◆ Task item ◆
When you restate the data, keep every word as it is and drop the images.

◆ Provided material ◆
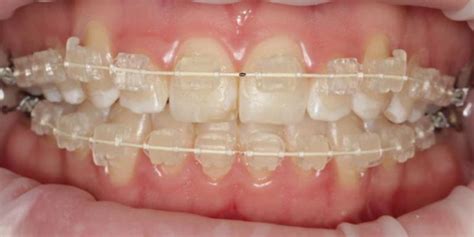 best orthodontist stratham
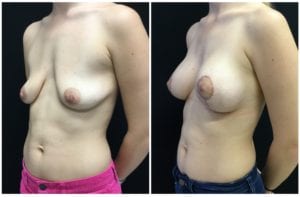 22062b - Breast Lift Augmentation Before And After - Fairfax and Manassas VA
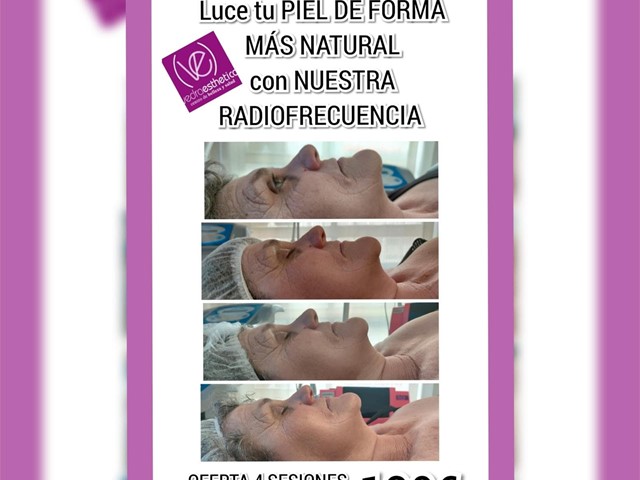 OFERTA... RADIOFRECUENCIA FACIAL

◆ Exercise output ◆
 best orthodontist stratham
 22062b - Breast Lift Augmentation Before And After - Fairfax and Manassas VA
 OFERTA... RADIOFRECUENCIA FACIAL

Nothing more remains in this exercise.